Transcribe the listing below verbatim, omitting pictures.

#### Data in this exercise

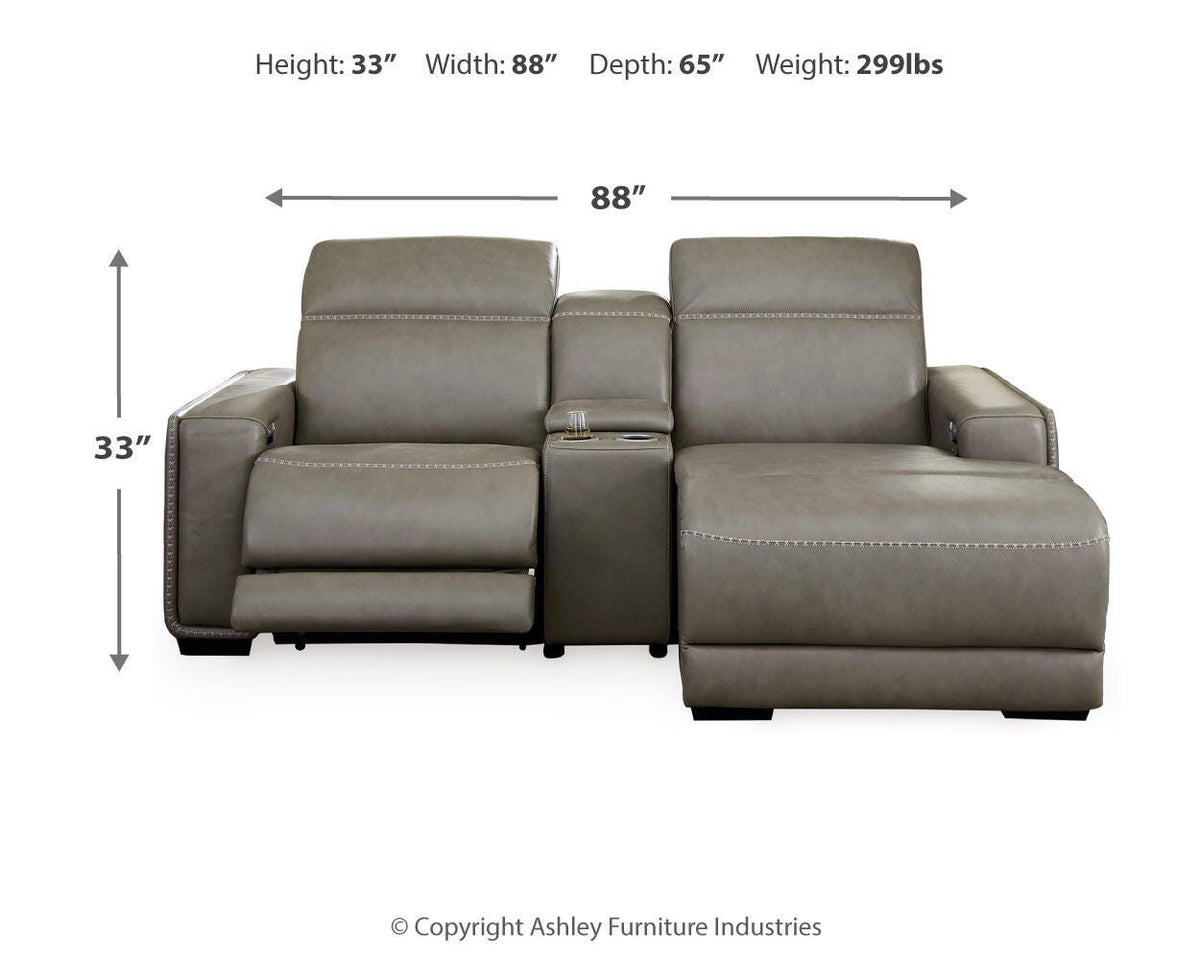Correze Sectional - U94202S11 - approximate manufacturer dimensions (supplier image 42)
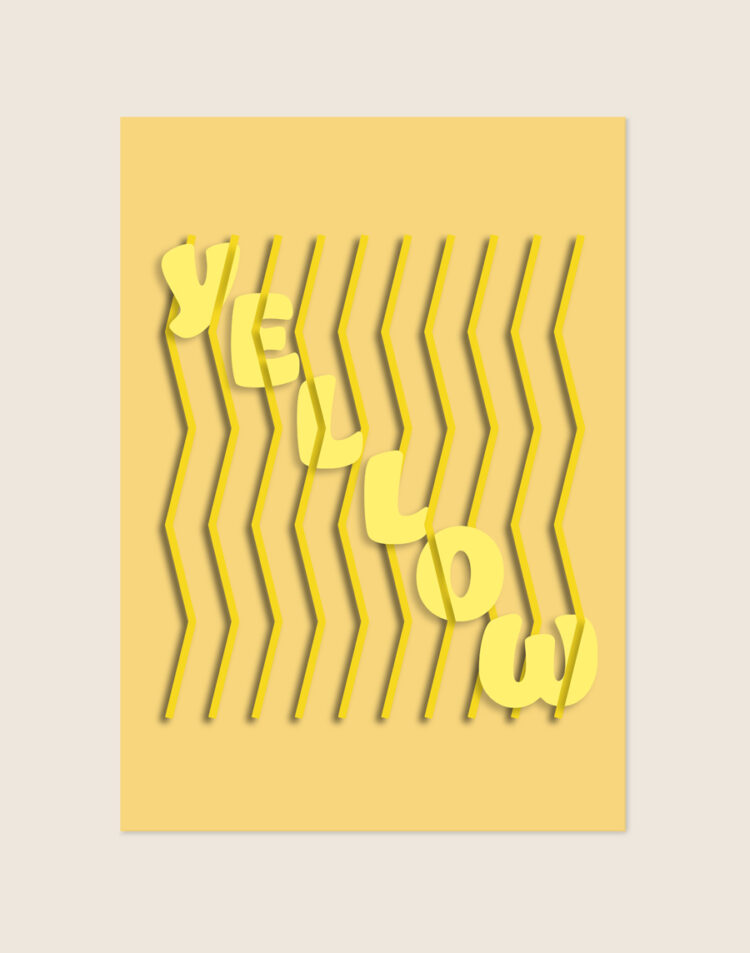 Grafische poster in gele tinten met het woord yellow in lichtgele ronde letters geplaatst tussen donkergele verticale zigzaglijnen, sfeervol opgehangen in een modern interieur.
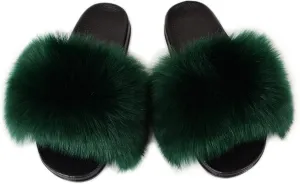 MH Bailment Womens Furry Fluffy Slippers Faux Fur House Slippers Open Toe Fuzzy Slides Soft Flat Slip On Sandals for Indoor Outdoor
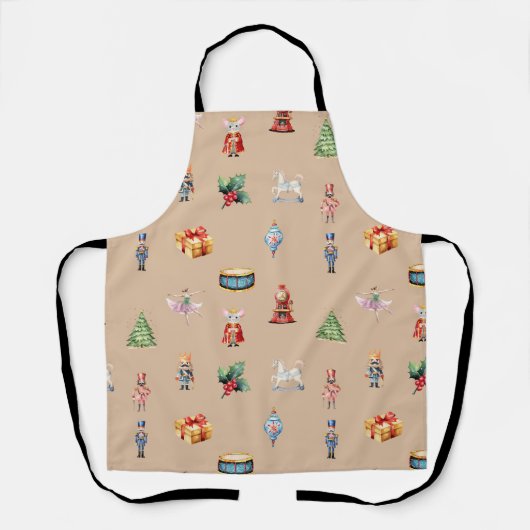 Waterverf Notenkrakerspatroon Schort (Voorkant)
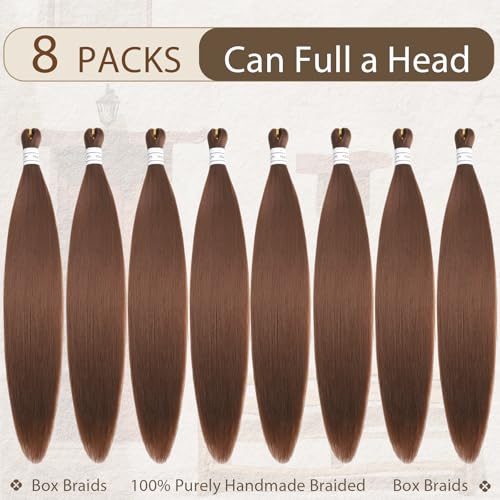 YEXIU Beauty 24 Inch Pre-Stretched Yaki Straight Braiding Hair | 8 Packs Brown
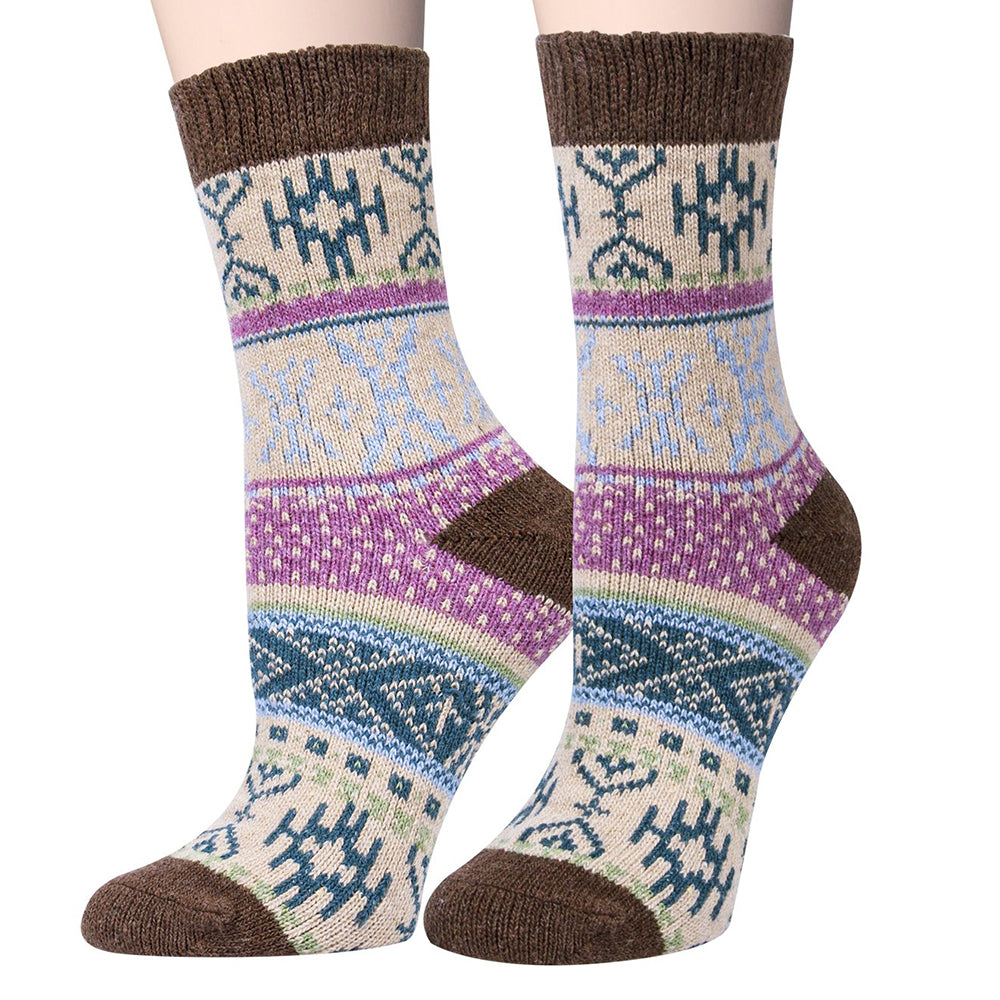 Womens Winter Soft Warm Thick Knit Wool Crew Socks 5 pairs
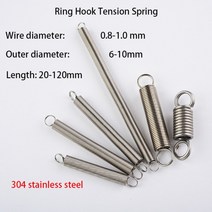인장스프링 스텐인장스프링 금형 와이어 직경 0.8/1mm 304 스테인레스 스틸 인장 스프링, 0.8mm, 8mm, 40mm(2Piece)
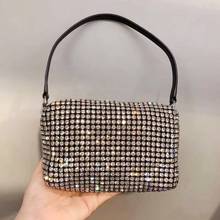 Luxury Party Bags Designer Pillow Tote Bags Newest Female Bag Fashion Shiny Crystal Shoulder Bag Bling Full Rhinestone Handbags 2024 - buy cheap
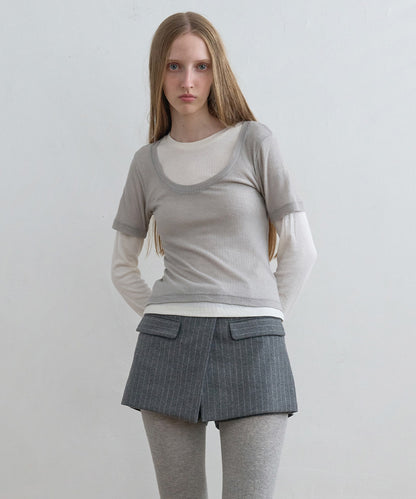 Kijun/キジュン Layered Jersey Top ショート丈 フェイクレイヤード ウールカットソー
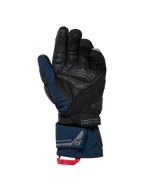 Alpinestars WT-8 GORE-TEX isolerade handskar, svarta och mörkblå, vy av handflatan som visar läderförstärkningar och vadderad slider, design med lång manschett med dubbel handledsstängning och röd dragögla, med koordinatdetaljer och exploration equipment-branding.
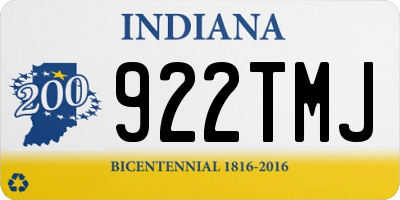 IN license plate 922TMJ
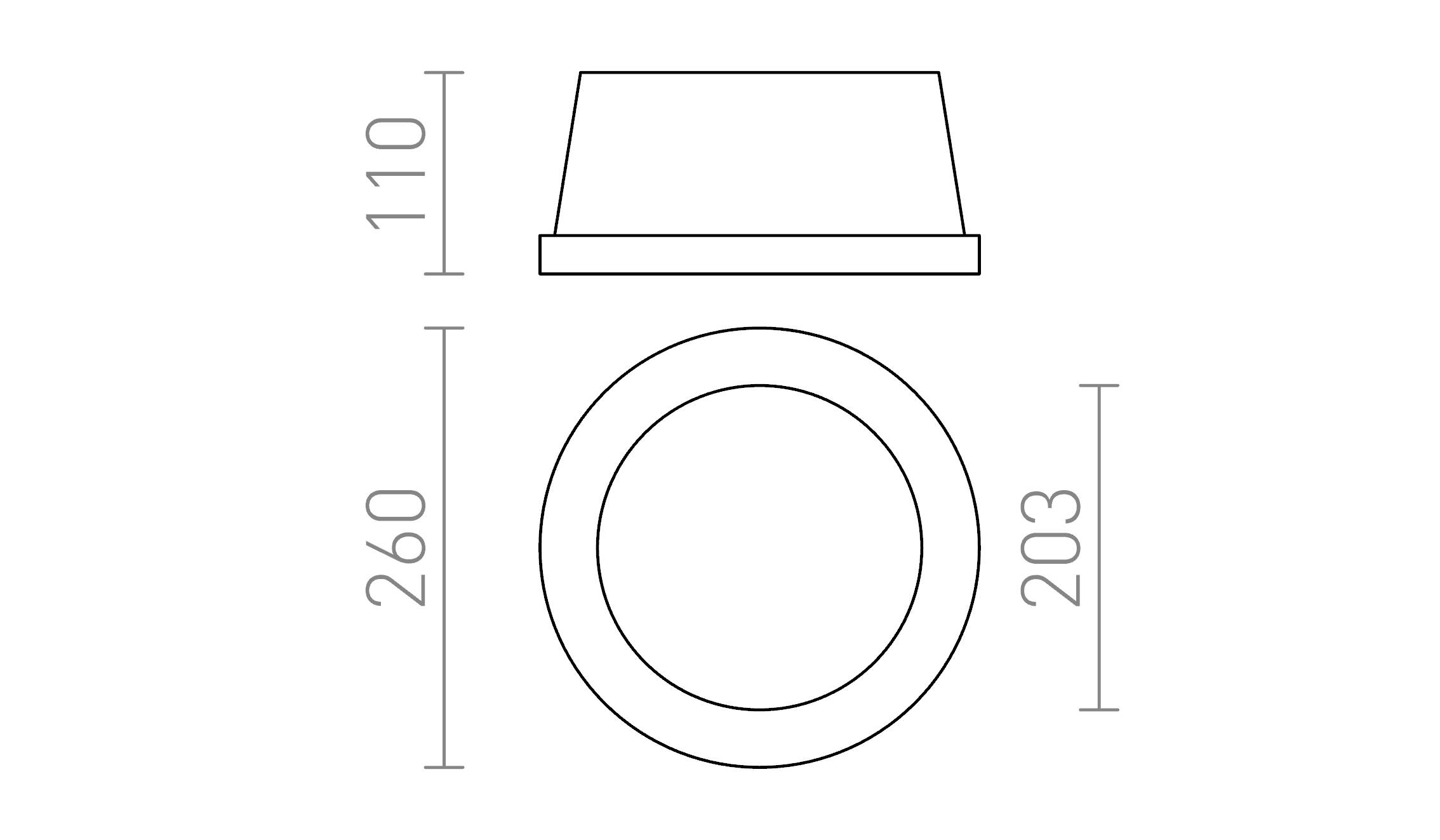 Termék vázlat – LEDRA MIA R süllyesztett lámpa gipsz/szatinált akril 230V LED E27 2x11W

########

Finished task:
Correze Sectional - U94202S11 - approximate manufacturer dimensions (supplier image 42)
 Grafische poster in gele tinten met het woord yellow in lichtgele ronde letters geplaatst tussen donkergele verticale zigzaglijnen, sfeervol opgehangen in een modern interieur.
 MH Bailment Womens Furry Fluffy Slippers Faux Fur House Slippers Open Toe Fuzzy Slides Soft Flat Slip On Sandals for Indoor Outdoor
 Waterverf Notenkrakerspatroon Schort (Voorkant)
 YEXIU Beauty 24 Inch Pre-Stretched Yaki Straight Braiding Hair | 8 Packs Brown
 Womens Winter Soft Warm Thick Knit Wool Crew Socks 5 pairs
인장스프링 스텐인장스프링 금형 와이어 직경 0.8/1mm 304 스테인레스 스틸 인장 스프링, 0.8mm, 8mm, 40mm(2Piece)
 Luxury Party Bags Designer Pillow Tote Bags Newest Female Bag Fashion Shiny Crystal Shoulder Bag Bling Full Rhinestone Handbags 2024 - buy cheap
 Kijun/キジュン Layered Jersey Top ショート丈 フェイクレイヤード ウールカットソー
 Alpinestars WT-8 GORE-TEX isolerade handskar, svarta och mörkblå, vy av handflatan som visar läderförstärkningar och vadderad slider, design med lång manschett med dubbel handledsstängning och röd dragögla, med koordinatdetaljer och exploration equipment-branding.
 IN license plate 922TMJ
 Termék vázlat – LEDRA MIA R süllyesztett lámpa gipsz/szatinált akril 230V LED E27 2x11W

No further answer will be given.